Someday this still escalating debaclemay form the body of a new industry fable, one with a moral about the dangers of ill-considered direct communication, the swift retribution of the crowd and the hazards of cultural arrogance. But right now the story’s most striking revelation is what happens when a history of playground-bullying online meets the economic force of the fastest-growing, most important and very autocratic luxury market.

The dominoes begin to fall. The pigeons come home to roost. The rats abandon the sinking ship. You become a veritable paragon of clichés! And a cautionary tale. After all, in the four days since, the brand has, in no short order:

  • Been forced to cancel the show;

  • Been excoriated by the Chinese celebrities and models slated to walk in the show;

  • Been the subject of videos of consumers burning, destroying and otherwise renouncing their Dolce products;

  • Had their physical locations altered, with the label’s storefronts plastered with “Not me” posters mocking Mr. Gabbana’s response to the scandal;

  • Disappeared from the site of Chinese e-tail giant Alibaba’s TMall platform as well as jd.com, secoo.com, and department store Lane Crawford, which said customers had been returning the brand’s products;

  • Been excoriated in the fashion press and the fashion enthusiast communities, with particularly passionate coverage coming from fashion industry watchdog Diet Prada;

  • And increasingly been abandoned by its European and American supporters, including the influencers the brand has expensively wooed over the last few years.

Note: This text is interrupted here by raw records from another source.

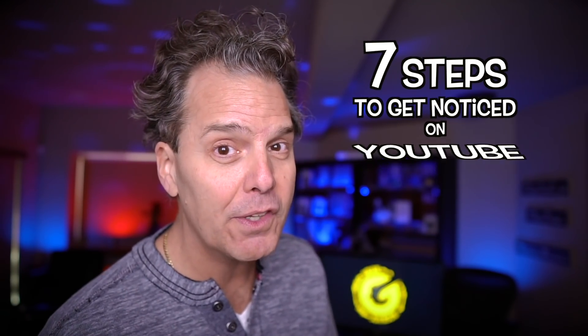YouTube is incredibly saturated and competitive. However, in this video, I share seven steps that you can use to get noticed here on YouTube.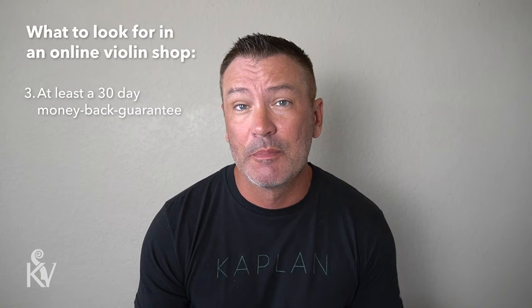Number three is pretty obvious — you want to make sure they have at least a 30-day money-back guarantee. Here at Kennedy Violins we have a 45-day money-back guarantee, a lifetime warranty on our instruments, and no restocking fee if you return something. That's important because you want to buy from a company that stands behind their product, so I would always ask about their return policy.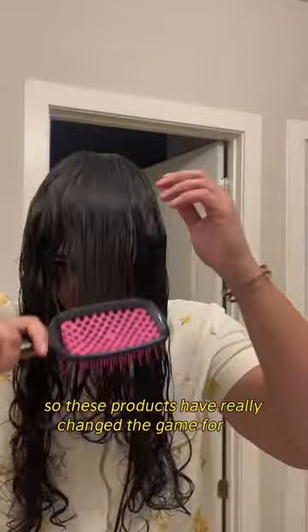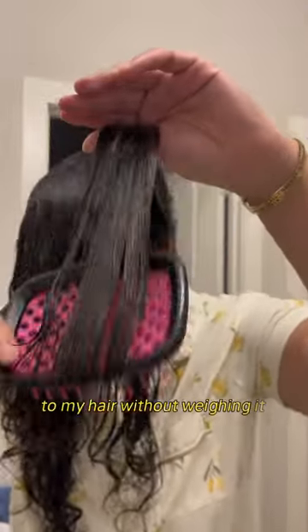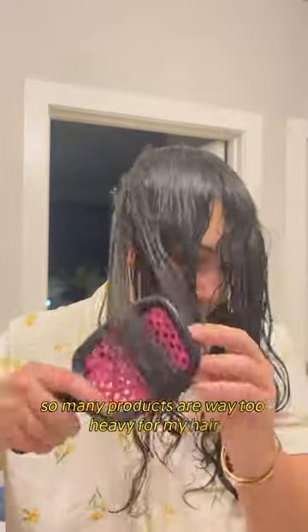My hair is naturally dry — I'm going to include a picture of it whenever it's blown out. These products have really changed the game for me because they add so much moisture to my hair without weighing it down. So many products are way too heavy for my hair, but these are just the perfect mixture. I don't think I'll be going back to any other products anytime soon.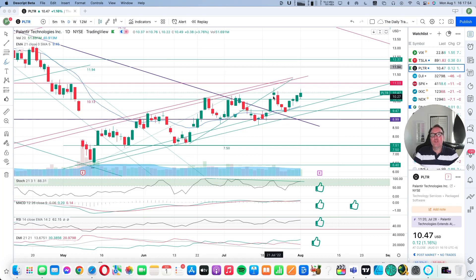Good evening, everybody. I'm Pierre Roberge, the Daily Trader. It is August 1st, and we are going to take a look at Palantir stock from a technical analysis perspective. My goal in doing these videos is to help you understand how you can use technical analysis to make better trading and investing decisions. But I'm not a financial advisor, so please do your own research and make your own decisions.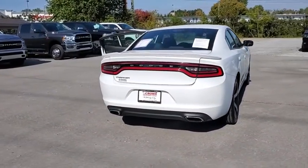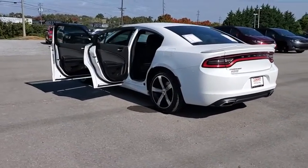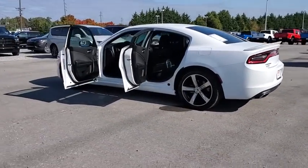Peace of mind comes standard with the Charger's 5-star government front and side impact crash test rating. This vehicle has less than 115,000 miles.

Net-a-Porter, the luxury e-tailer headquartered in London and owned by Richemont, has removed all Dolce products from their Chinese website. Lucky Blue Smith, a model/influencer with 3.2 million followers on Instagram who has become a millennial Dolce staple, posted a note on his account explaining his decision to skip the show that read in part, “We are all gods children and we should all be treating EVERYONE, EVERY CULTURE with respect. I will be back to China soon — love you all so much.”

And apparently fearful of damage by association, fellow Italian brand MaxMara made a proactive statement Thursday on its WeChat account, stating “China, you’re the best! I love you, homeland!”

Various fashion brands have been previously accused of cultural mistakes or insults. Australians took Chanel to task for its sale of a luxury boomerang. Zara was accused of using Nazi and alt-right hate symbolism on their products. Just this week Dior came under fire for ads featuring Jennifer Lawrence while purporting to celebrate Mexican heritage. Still, the Dolce incident is the first time this kind of misstep has had such global repercussions.

Spokespeople for Secoo and Net-a-Porter could not remember either company ever dropping a brand for such reasons before. As Angelica Cheung, the editor of Vogue China, wrote in an email, “This case is a wake-up call: a 1.4 billion population is for sure a huge consumption power, but if you don’t get it right, hundreds of millions of people voicing their outrage on social media is a powerful force, hard to ignore.”